Do you lay in bead night after night, pooled in sweat, staring at the ceiling and unable to sleep because of your lamentation of a world bereft of a vehicle that is a mashup of a C3 Corvette and Disneyland Autopia car? Well, change those sheets and stop counting sheep, because today’s 1969 Shala Vette is here to put your mind to rest.
Dick Dean was born Richard Dean Sawitskas, but was dubbed Dick Dean by a syllabically challenged Autorama announcer, and the shorter version stuck. A graduate of Pasadena’s prestigious Art Center, College of Design, where he studied under none other than Strother MacMinn, Dean opened a customizing business in Michigan after a short and unhappy stint at a steel mill.
It wasn’t until hooking up with George Barris in 1959 that Dean’s fortunes took a turn for the fortunate, and he started to make a name for himself. After moving to California, Dean worked his way up to running Barris’ Kustom City shop where he oversaw the creation of a number of custom creations for which Barris of course took all the credit.
One of Dean’s interests was Dune Buggies, having built a number of Meyers Manx cars, and eventually designing his own Beetle in disguise, the gull wing’d Shalako. That car led to Malcolm Bricklin commissioning Dean to develop the former Subaru importer’s namesake folly. Before that however, it led to the object of our attention today, the Shala Vette.
What the heck is a Shala Vette? Well, it’s a dune buggy that looks like a kiddy car version of the C3 Corvette.
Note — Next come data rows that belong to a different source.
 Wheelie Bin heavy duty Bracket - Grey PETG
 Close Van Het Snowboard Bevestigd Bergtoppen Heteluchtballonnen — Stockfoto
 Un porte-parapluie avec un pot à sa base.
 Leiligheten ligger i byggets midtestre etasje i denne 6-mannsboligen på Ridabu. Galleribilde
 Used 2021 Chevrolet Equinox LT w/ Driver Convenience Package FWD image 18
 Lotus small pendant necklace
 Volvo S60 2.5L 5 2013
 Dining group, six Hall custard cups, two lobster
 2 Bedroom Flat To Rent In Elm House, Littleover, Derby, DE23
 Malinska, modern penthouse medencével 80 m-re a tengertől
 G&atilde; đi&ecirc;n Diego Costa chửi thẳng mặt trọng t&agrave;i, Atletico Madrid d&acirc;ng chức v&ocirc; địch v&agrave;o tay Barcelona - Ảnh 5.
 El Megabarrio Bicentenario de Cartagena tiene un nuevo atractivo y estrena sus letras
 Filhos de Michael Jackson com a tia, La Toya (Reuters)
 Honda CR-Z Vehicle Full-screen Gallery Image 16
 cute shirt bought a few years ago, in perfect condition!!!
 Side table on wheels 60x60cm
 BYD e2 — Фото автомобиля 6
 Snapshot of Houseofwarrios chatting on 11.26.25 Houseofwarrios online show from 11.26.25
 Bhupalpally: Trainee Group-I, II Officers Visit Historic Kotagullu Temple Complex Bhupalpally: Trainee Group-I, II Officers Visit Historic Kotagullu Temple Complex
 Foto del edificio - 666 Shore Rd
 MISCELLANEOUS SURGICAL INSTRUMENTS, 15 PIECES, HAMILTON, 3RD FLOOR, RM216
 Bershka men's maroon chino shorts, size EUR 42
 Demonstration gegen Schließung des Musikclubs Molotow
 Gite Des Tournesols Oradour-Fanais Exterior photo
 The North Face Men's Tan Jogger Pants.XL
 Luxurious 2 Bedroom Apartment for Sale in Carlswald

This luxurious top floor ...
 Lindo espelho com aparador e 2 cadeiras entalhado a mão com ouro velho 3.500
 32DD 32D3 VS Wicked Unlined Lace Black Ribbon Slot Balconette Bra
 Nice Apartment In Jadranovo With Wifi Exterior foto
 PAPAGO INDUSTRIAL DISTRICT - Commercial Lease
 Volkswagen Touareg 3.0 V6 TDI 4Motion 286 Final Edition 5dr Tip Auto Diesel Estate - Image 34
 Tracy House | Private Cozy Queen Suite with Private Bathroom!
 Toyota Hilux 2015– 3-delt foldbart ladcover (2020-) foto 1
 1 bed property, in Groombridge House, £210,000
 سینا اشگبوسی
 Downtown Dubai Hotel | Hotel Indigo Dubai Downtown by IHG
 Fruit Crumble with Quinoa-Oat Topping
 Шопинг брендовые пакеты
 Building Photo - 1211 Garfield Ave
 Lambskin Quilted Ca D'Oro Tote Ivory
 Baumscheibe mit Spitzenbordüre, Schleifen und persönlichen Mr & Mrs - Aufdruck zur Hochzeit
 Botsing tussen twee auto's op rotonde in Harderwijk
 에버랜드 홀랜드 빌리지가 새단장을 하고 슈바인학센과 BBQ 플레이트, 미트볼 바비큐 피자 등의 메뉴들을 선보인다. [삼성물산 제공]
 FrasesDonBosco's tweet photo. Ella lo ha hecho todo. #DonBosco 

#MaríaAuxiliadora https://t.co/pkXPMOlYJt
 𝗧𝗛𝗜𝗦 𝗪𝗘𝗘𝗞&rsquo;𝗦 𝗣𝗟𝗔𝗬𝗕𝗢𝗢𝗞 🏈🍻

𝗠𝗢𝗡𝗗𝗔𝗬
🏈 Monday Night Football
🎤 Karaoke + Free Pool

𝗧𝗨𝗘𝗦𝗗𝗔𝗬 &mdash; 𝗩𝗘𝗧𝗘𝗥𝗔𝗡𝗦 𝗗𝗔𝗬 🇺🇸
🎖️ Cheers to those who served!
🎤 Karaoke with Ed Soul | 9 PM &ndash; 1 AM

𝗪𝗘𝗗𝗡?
As such, it’s a fiberglass body on a shortened VW platform powered by a VW flat four... out in the back.
Only about 10 of the Shala Vette bodies were ever made, and while they turn up for sale from time to time rarely do you find them in as nice a shape as this one. Yeah, that’s pretty subjective as this Shala does evidence its age as the gel coat appears dull and there is wear on some of the hard edges.
The interior is a plastic tub on the VW's waffled floor and into that have been placed a pair of vinyl and fabric seats, probably donated from a van. The ad claims the pan underneath all that is free of rust and it appears that the car has disc brakes up front, which is a plus.
The seller also says that the car runs and drives despite having been in storage for the past ten years. If its owner hasn’t maintained its non-op status then the cool gold-on-blue California plates may not be presently usable. ’69 was the first year those were made available.
Dean oversaw a lot of custom cars for TV shows and the movies, and you might remember the Shala Vette from the 1975 trashploitation flick, Death Race 2000 where a heavily modified one was piloted by the star and mortifyingly embarrassing death experiencer David Carradine.
While it’s cartoonish in the extreme, the Shala Vette has a provenance, and seeing as this one’s apparently in drivable shape - albeit with what looks to be a grab bar instead of a windscreen - that raises the question, what is it worth?
The seller of this Shala is asking $3,500 to take it off his hands. You now need to vote on whether than’s a deal or not. What do you think, is this Dick Dean custom worth that kind of cash? Or, is this Shala’s price a shall not?